Start of RECORD SET

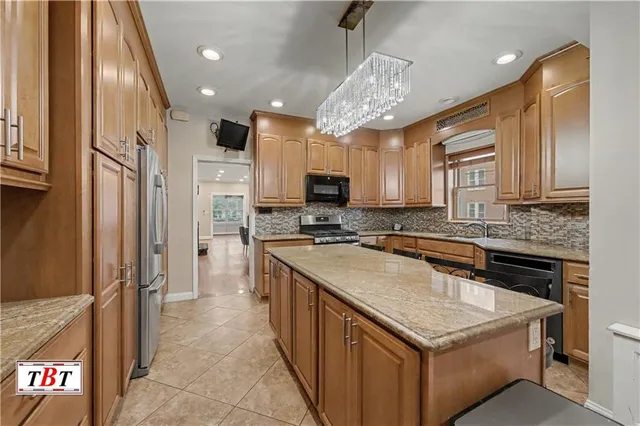 a kitchen with a sink stove and refrigerator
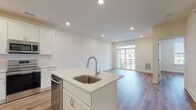 Located at 9172 New Falls Rd in Levittown, PA, this single-floor unit offers a thoughtfully designed open-concept layout with contemporary finishes throughout. The kitchen is a standout feature, equipped with crisp white shaker-style cabinetry, light quartz countertops, and a full suite of stainless steel appliances including a refrigerator, range, microwave, and dishwasher. A central island with a single-basin undermount sink adds both functionality and a natural gathering point that flows seamlessly into the adjoining living area. The living space is bright and inviting, highlighted by warm wood-look flooring that extends throughout the unit, recessed lighting, and a large sliding glass door that opens to a private balcony, allowing abundant natural light and outdoor views. A well-appointed bedroom offers a generous window with exterior views and the same warm flooring, creating a cohesive and comfortable feel. The bathroom features tile flooring, a white vanity with ample storage, and a glass-enclosed shower. Clean neutral walls, white trim, and consistent finishes throughout lend the space a fresh, modern aesthetic that is move-in ready.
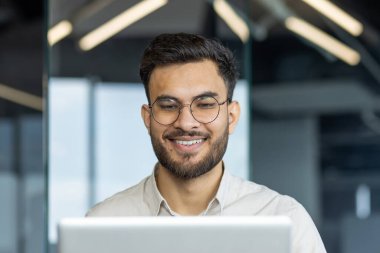 İşyerinde dizüstü bilgisayarla gülümseyen bir adamın yakın çekimi. İş adamı, iş gömleği ve gözlükleriyle klavyede daktilo kullanıyor, iş yerinde ofiste çalışıyor..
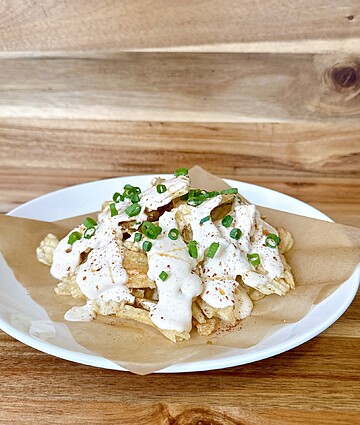 Delicious crispy fries topped with creamy sauce and fresh scallions, served on a rustic plate.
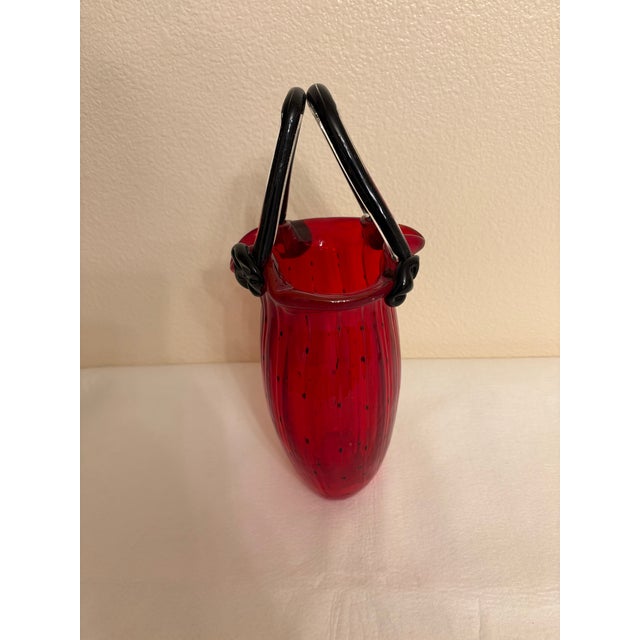Add a sweet touch of playful sophistication to your collection with this vintage Block Crystal hand-blown art glass purse...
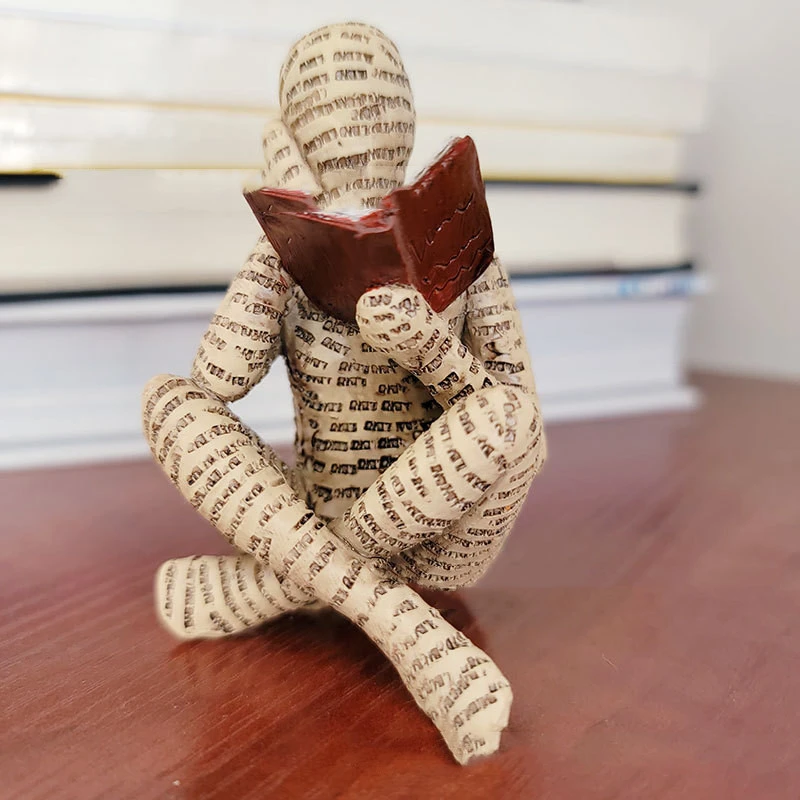 A Woman Reading A Paper Pulp Molding Ornament Tree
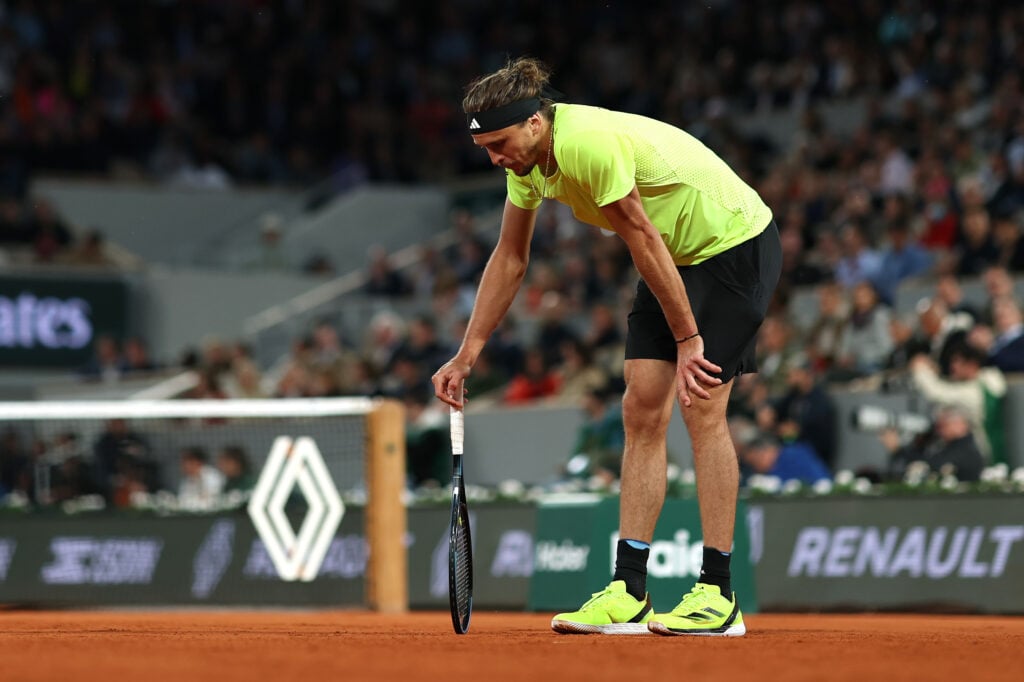 Alexander Zverev bends over, looking dejected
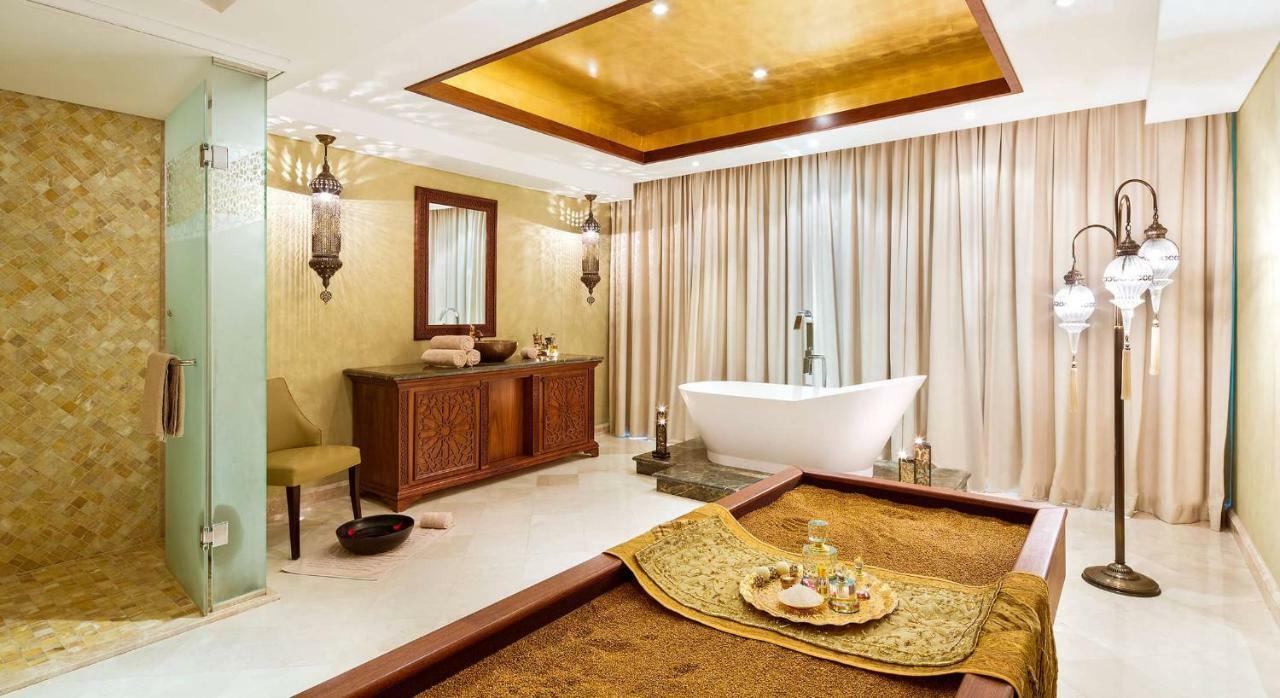 Pullman Resort Al Marjan Island Ras al-Khaimah Exterior photo The photo depicts a luxurious spa-like bathroom. It features a large, freestanding bathtub in the center, complemented by elegant gold accents on the ceiling. Along one side, there's a wooden vanity with a mirror, while light, flowing curtains provid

End of RECORD SET

PROBLEM DESCRIPTION ->
Using the records above, print exactly the run of lines that starts with the line with "Located at 9172" and goes on through the line with "Delicious crispy fries", pictures excluded.

SOLUTION TO THE PROBLEM ->
 Located at 9172 New Falls Rd in Levittown, PA, this single-floor unit offers a thoughtfully designed open-concept layout with contemporary finishes throughout. The kitchen is a standout feature, equipped with crisp white shaker-style cabinetry, light quartz countertops, and a full suite of stainless steel appliances including a refrigerator, range, microwave, and dishwasher. A central island with a single-basin undermount sink adds both functionality and a natural gathering point that flows seamlessly into the adjoining living area. The living space is bright and inviting, highlighted by warm wood-look flooring that extends throughout the unit, recessed lighting, and a large sliding glass door that opens to a private balcony, allowing abundant natural light and outdoor views. A well-appointed bedroom offers a generous window with exterior views and the same warm flooring, creating a cohesive and comfortable feel. The bathroom features tile flooring, a white vanity with ample storage, and a glass-enclosed shower. Clean neutral walls, white trim, and consistent finishes throughout lend the space a fresh, modern aesthetic that is move-in ready.
 İşyerinde dizüstü bilgisayarla gülümseyen bir adamın yakın çekimi. İş adamı, iş gömleği ve gözlükleriyle klavyede daktilo kullanıyor, iş yerinde ofiste çalışıyor..
 Delicious crispy fries topped with creamy sauce and fresh scallions, served on a rustic plate.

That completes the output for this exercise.